Would be awesome to make the dataset available on 🤗 , so that people can do:

from datasets import load_dataset

dataset = load_dataset("your-hf-org/your-dataset")

See here for a guide: https://huggingface.co/docs/datasets/image_dataset

Besides that, there's the dataset viewer which allows people to quickly explore the first few rows of the data in the browser.

Let me know if you're interested/need any help regarding this!

Cheers,

Niels ML Engineer @ HF 🤗

cs-mshah commented 1 month ago

Hi @NielsRogge, Thanks for reaching out. Yes, we do have a plan to release the dataset and checkpoints to the hub. I'm planning on the release. We also plan to release a v2 version of the dataset on top of the v1 version which was used in the original paper once its done.

cs-mshah commented 1 month ago

Hi @NielsRogge, I am trying to upload the dataset with the following script taken from some hf github issues since it is huge:

import autoroot
import os
from huggingface_hub import HfApi, CommitOperationAdd, HfFileSystem, preupload_lfs_files
from pathlib import Path
from loguru import logger as log
import argparse
import multiprocessing

api = HfApi(token=os.environ["token"])
fs = HfFileSystem(token=os.environ["token"])
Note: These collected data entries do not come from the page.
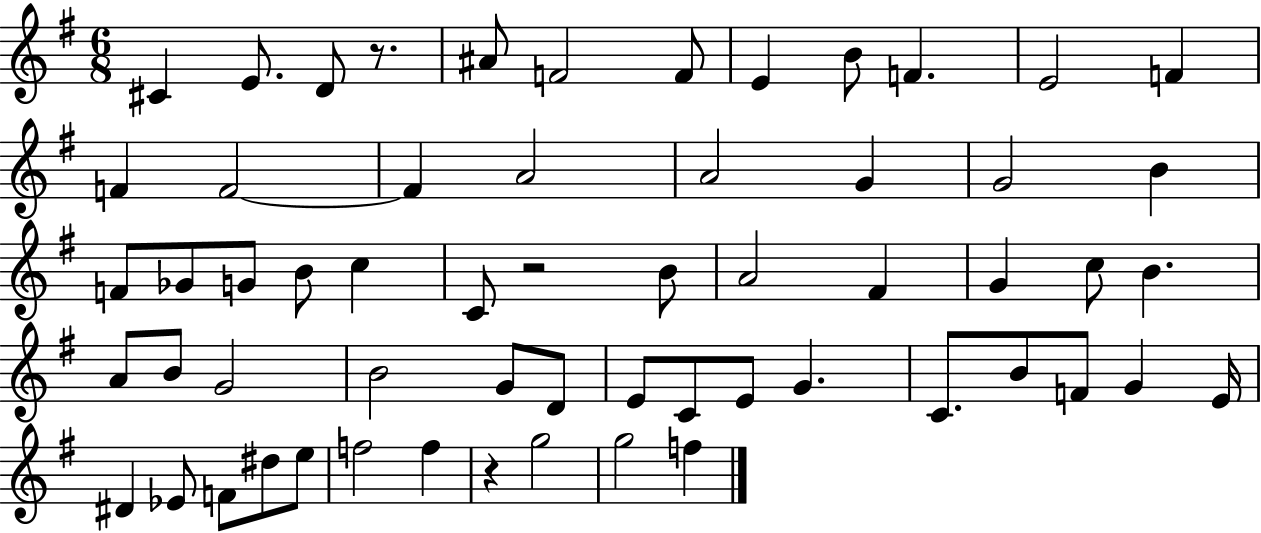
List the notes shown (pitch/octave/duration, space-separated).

C#4/q E4/e. D4/e R/e. A#4/e F4/h F4/e E4/q B4/e F4/q. E4/h F4/q F4/q F4/h F4/q A4/h A4/h G4/q G4/h B4/q F4/e Gb4/e G4/e B4/e C5/q C4/e R/h B4/e A4/h F#4/q G4/q C5/e B4/q. A4/e B4/e G4/h B4/h G4/e D4/e E4/e C4/e E4/e G4/q. C4/e. B4/e F4/e G4/q E4/s D#4/q Eb4/e F4/e D#5/e E5/e F5/h F5/q R/q G5/h G5/h F5/q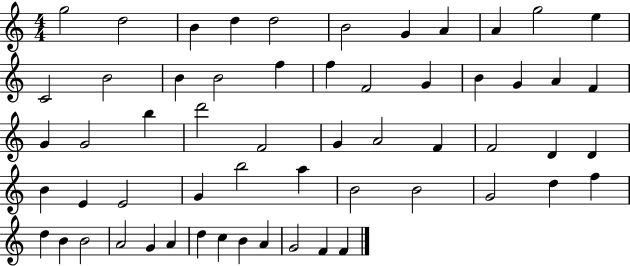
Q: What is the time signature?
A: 4/4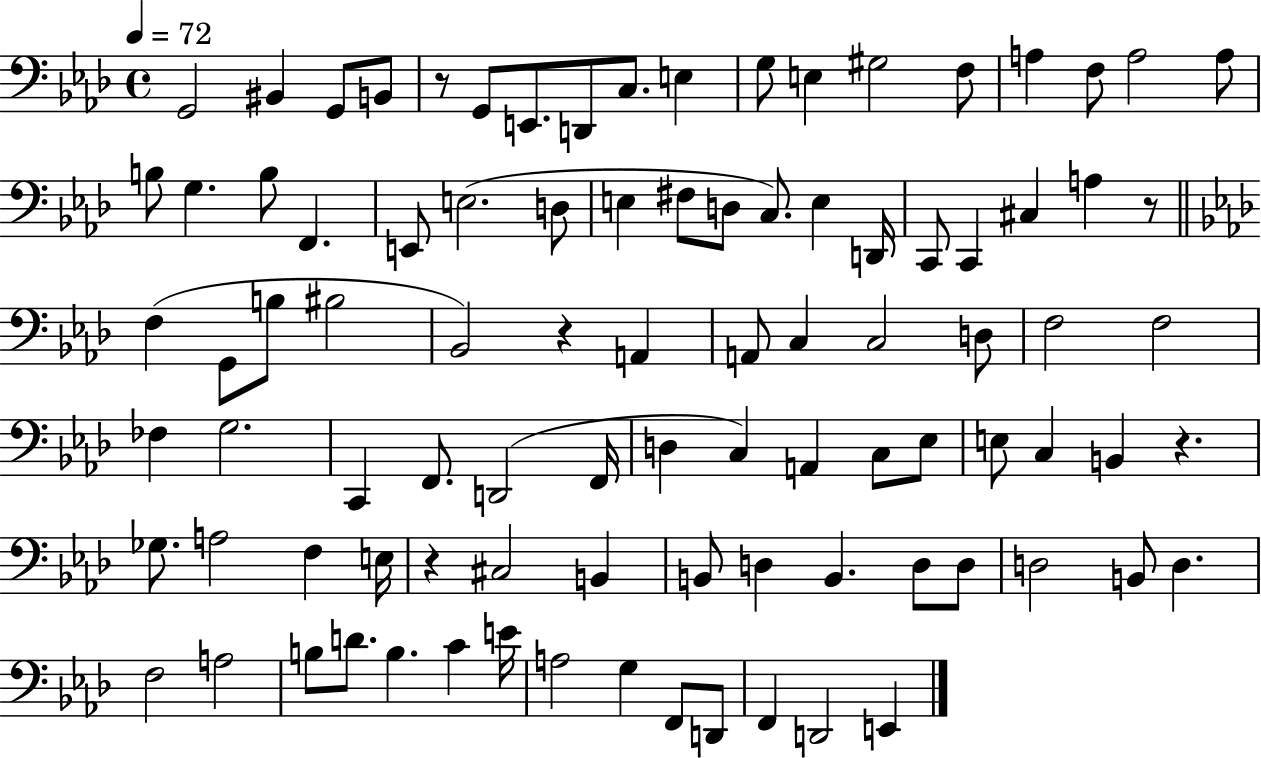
G2/h BIS2/q G2/e B2/e R/e G2/e E2/e. D2/e C3/e. E3/q G3/e E3/q G#3/h F3/e A3/q F3/e A3/h A3/e B3/e G3/q. B3/e F2/q. E2/e E3/h. D3/e E3/q F#3/e D3/e C3/e. E3/q D2/s C2/e C2/q C#3/q A3/q R/e F3/q G2/e B3/e BIS3/h Bb2/h R/q A2/q A2/e C3/q C3/h D3/e F3/h F3/h FES3/q G3/h. C2/q F2/e. D2/h F2/s D3/q C3/q A2/q C3/e Eb3/e E3/e C3/q B2/q R/q. Gb3/e. A3/h F3/q E3/s R/q C#3/h B2/q B2/e D3/q B2/q. D3/e D3/e D3/h B2/e D3/q. F3/h A3/h B3/e D4/e. B3/q. C4/q E4/s A3/h G3/q F2/e D2/e F2/q D2/h E2/q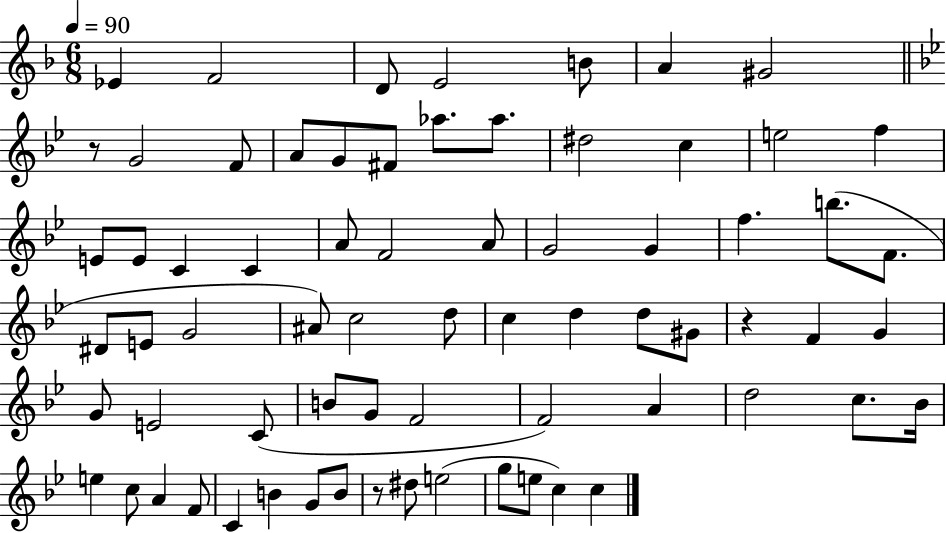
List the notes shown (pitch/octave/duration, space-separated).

Eb4/q F4/h D4/e E4/h B4/e A4/q G#4/h R/e G4/h F4/e A4/e G4/e F#4/e Ab5/e. Ab5/e. D#5/h C5/q E5/h F5/q E4/e E4/e C4/q C4/q A4/e F4/h A4/e G4/h G4/q F5/q. B5/e. F4/e. D#4/e E4/e G4/h A#4/e C5/h D5/e C5/q D5/q D5/e G#4/e R/q F4/q G4/q G4/e E4/h C4/e B4/e G4/e F4/h F4/h A4/q D5/h C5/e. Bb4/s E5/q C5/e A4/q F4/e C4/q B4/q G4/e B4/e R/e D#5/e E5/h G5/e E5/e C5/q C5/q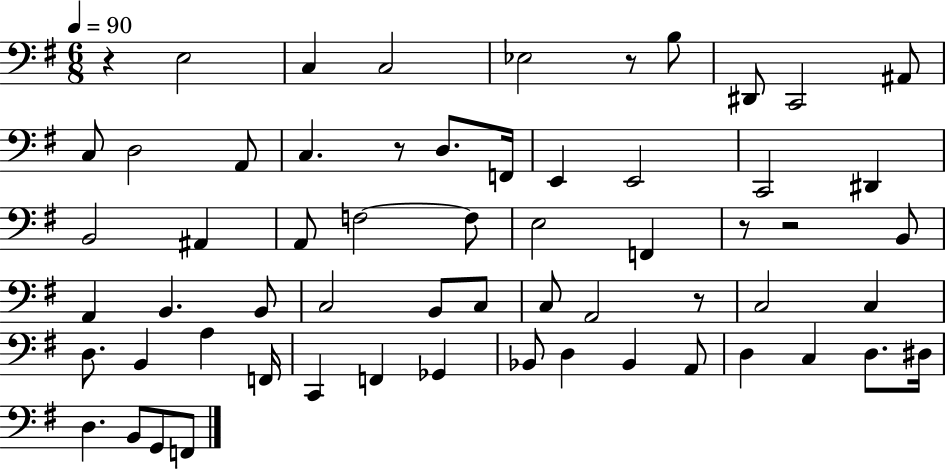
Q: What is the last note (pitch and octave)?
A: F2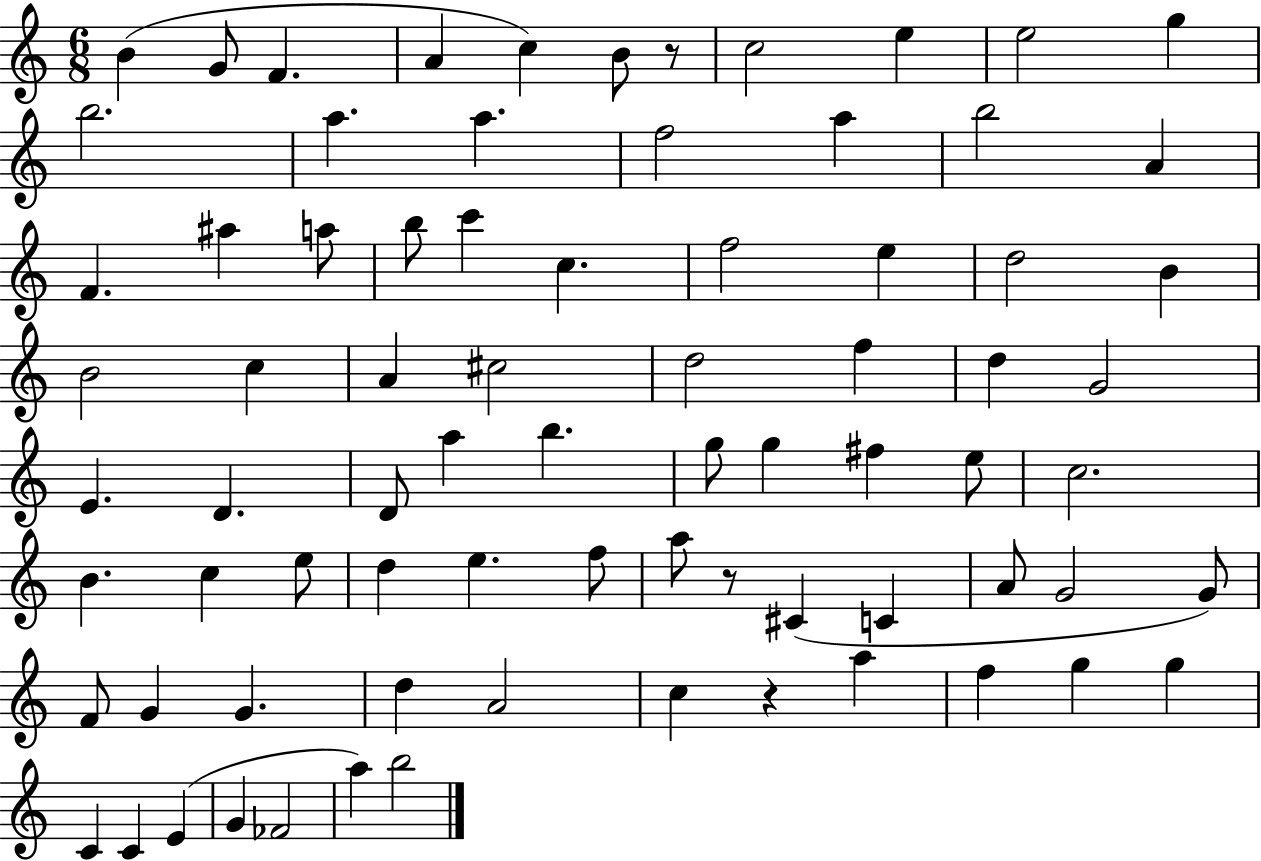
{
  \clef treble
  \numericTimeSignature
  \time 6/8
  \key c \major
  \repeat volta 2 { b'4( g'8 f'4. | a'4 c''4) b'8 r8 | c''2 e''4 | e''2 g''4 | \break b''2. | a''4. a''4. | f''2 a''4 | b''2 a'4 | \break f'4. ais''4 a''8 | b''8 c'''4 c''4. | f''2 e''4 | d''2 b'4 | \break b'2 c''4 | a'4 cis''2 | d''2 f''4 | d''4 g'2 | \break e'4. d'4. | d'8 a''4 b''4. | g''8 g''4 fis''4 e''8 | c''2. | \break b'4. c''4 e''8 | d''4 e''4. f''8 | a''8 r8 cis'4( c'4 | a'8 g'2 g'8) | \break f'8 g'4 g'4. | d''4 a'2 | c''4 r4 a''4 | f''4 g''4 g''4 | \break c'4 c'4 e'4( | g'4 fes'2 | a''4) b''2 | } \bar "|."
}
def get_all_files(root: Path, include_patterns=[], ignore_patterns=[]):
    def is_ignored(path):
        for pattern in ignore_patterns:
            if pattern in str(path):
                return True
        return False

    def is_included(path):
        for pattern in include_patterns:
            if pattern in str(path):
                return True
        if len(include_patterns) == 0:
            return True
        return False

    dirs = [root]
    while len(dirs) > 0:
        dir = dirs.pop()
        for candidate in dir.iterdir():
            if candidate.is_file() and not is_ignored(candidate) and is_included(candidate):
                yield candidate
            if candidate.is_dir():
                dirs.append(candidate)

def get_groups_of_n(n: int, iterator):
    assert n > 1
    buffer = []
    for elt in iterator:
        if len(buffer) == n:
            yield buffer
            buffer = []
        buffer.append(elt)
    if len(buffer) != 0:
        yield buffer

def main(args):
    if args.operation == "upload":
        # api.create_tag(repo_id=args.repo_id, tag=args.revision, revision="main", exist_ok=True)
        remote_root = Path(os.path.join("datasets", args.repo_id))
        all_remote_files = fs.glob(os.path.join("datasets", args.repo_id, "**/*.hdf5"))
        all_remote_files = [
            str(Path(file).relative_to(remote_root)) for file in all_remote_files
        ]
        log.info(f"Found {len(all_remote_files)} remote files")
        args.ignore_patterns.extend(all_remote_files)

        root = Path(args.root_directory)
        num_threads = args.num_threads
        if num_threads is None:
            num_threads = multiprocessing.cpu_count()
        for i, file_paths in enumerate(get_groups_of_n(args.group_size, get_all_files(root, args.include_patterns, args.ignore_patterns))):
            log.info(f"Committing {len(file_paths)} files...")
            # path_in_repo is path of file_path relative to root_directory
            operations = [] # List of all `CommitOperationAdd` objects that will be generated
            for file_path in file_paths:
                addition = CommitOperationAdd(
                    path_in_repo=str(file_path.relative_to(Path(args.relative_root))),
                    path_or_fileobj=str(file_path),
                )
                preupload_lfs_files(
                    args.repo_id,
                    [addition],
                    token=os.environ["token"],
                    num_threads=num_threads,
                    repo_type="dataset",
                    revision=args.revision,
                )
                operations.append(addition)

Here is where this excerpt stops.